_Information provided_
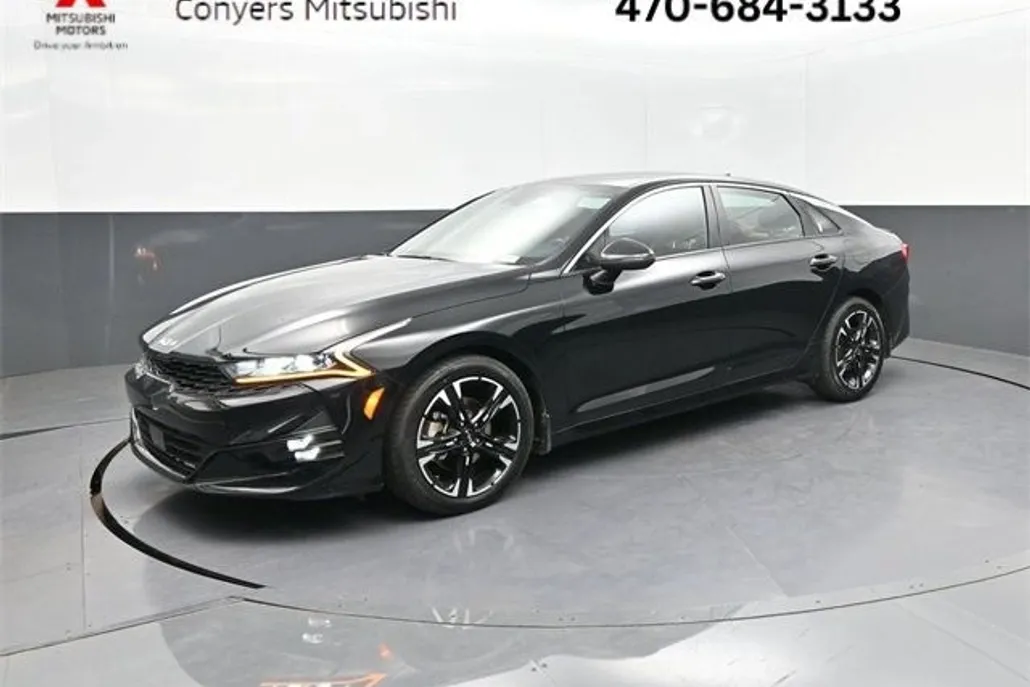 2023 Kia K5 GT-Line photo 1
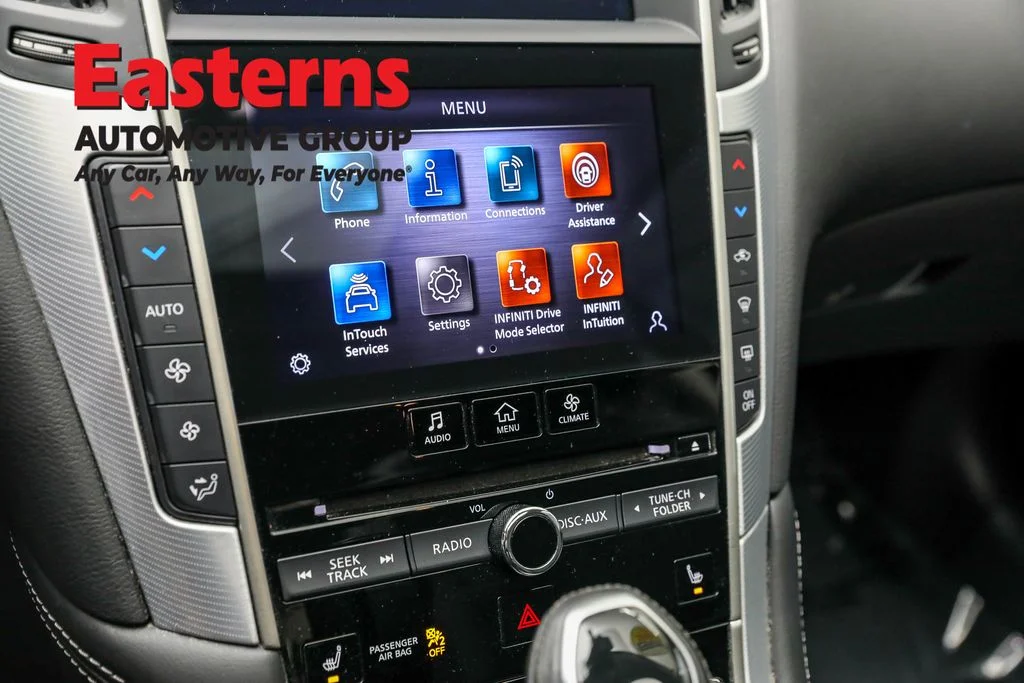 Used 2022 White INFINITI LUXE image 19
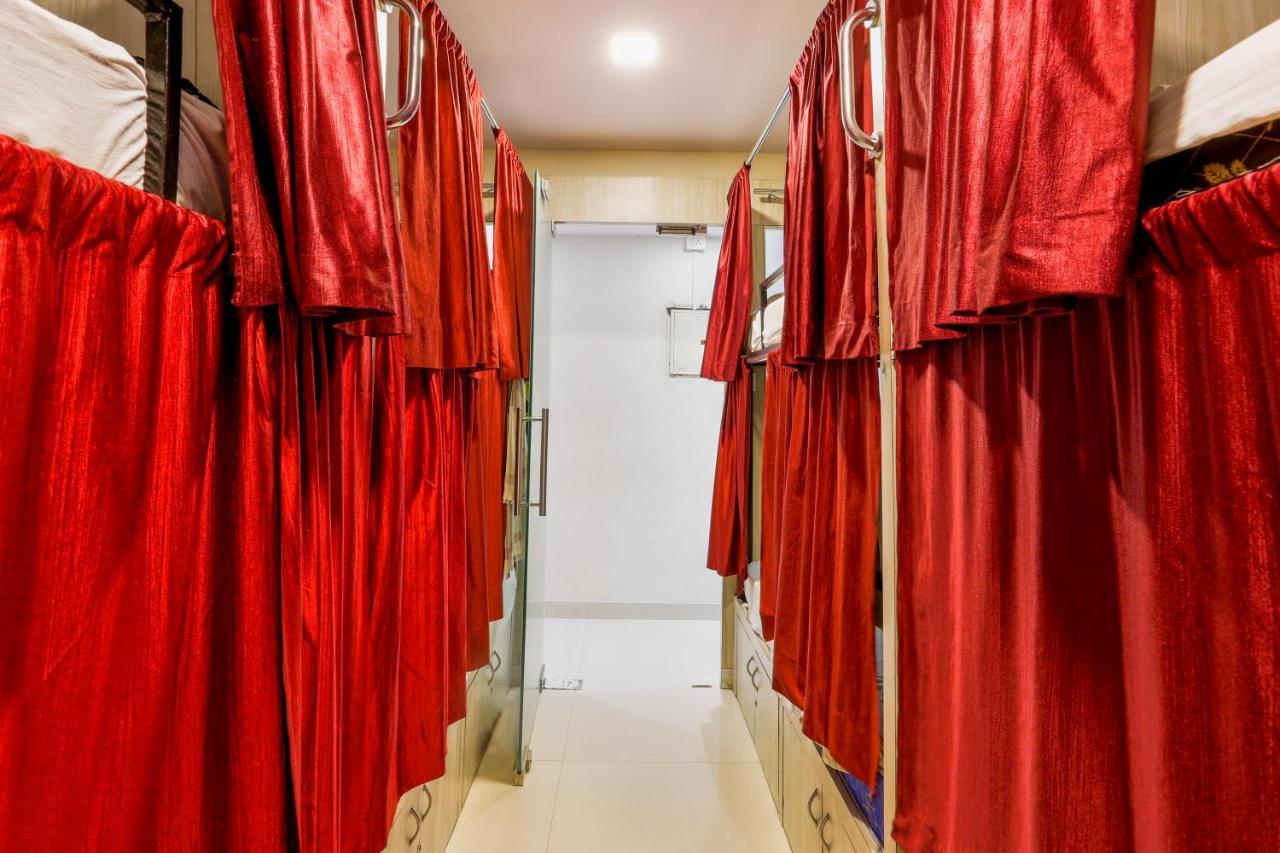 Bkc Corporate Hostel Ac Dormitory Mumbai Exterior photo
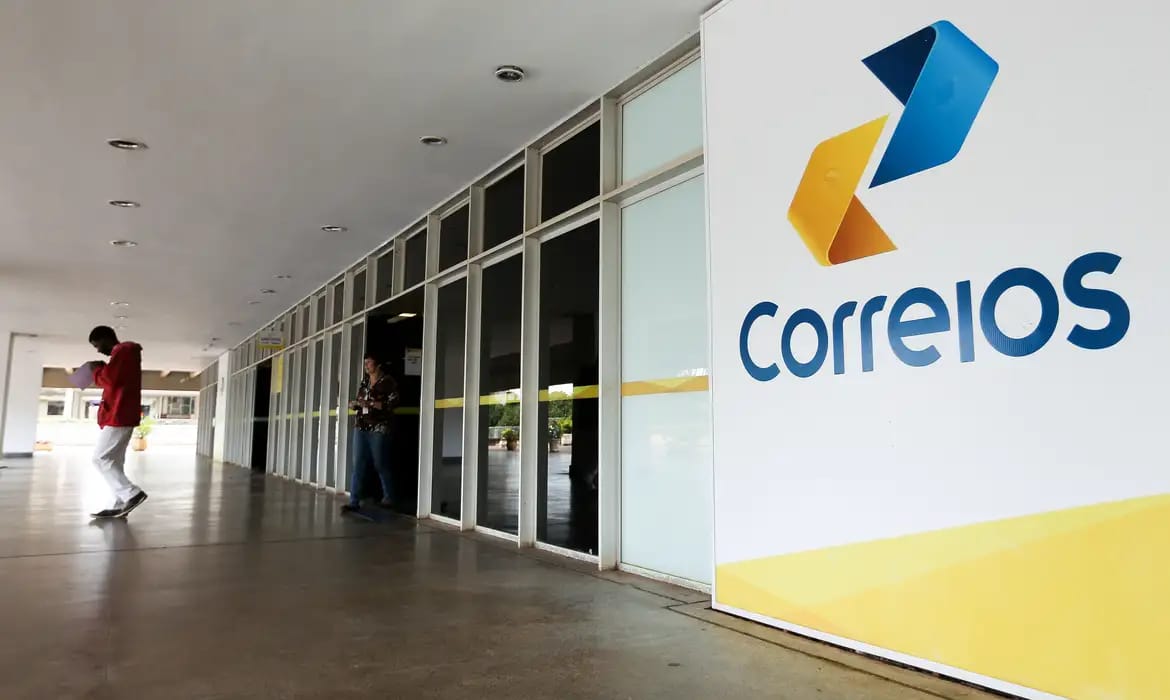 Em estado de insolvência, Correios leiloa o próprio patrimônio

_What is expected_
Copy all of the data above exactly. Leave out every picture.

_Response_
 2023 Kia K5 GT-Line photo 1
 Used 2022 White INFINITI LUXE image 19
 Bkc Corporate Hostel Ac Dormitory Mumbai Exterior photo
 Em estado de insolvência, Correios leiloa o próprio patrimônio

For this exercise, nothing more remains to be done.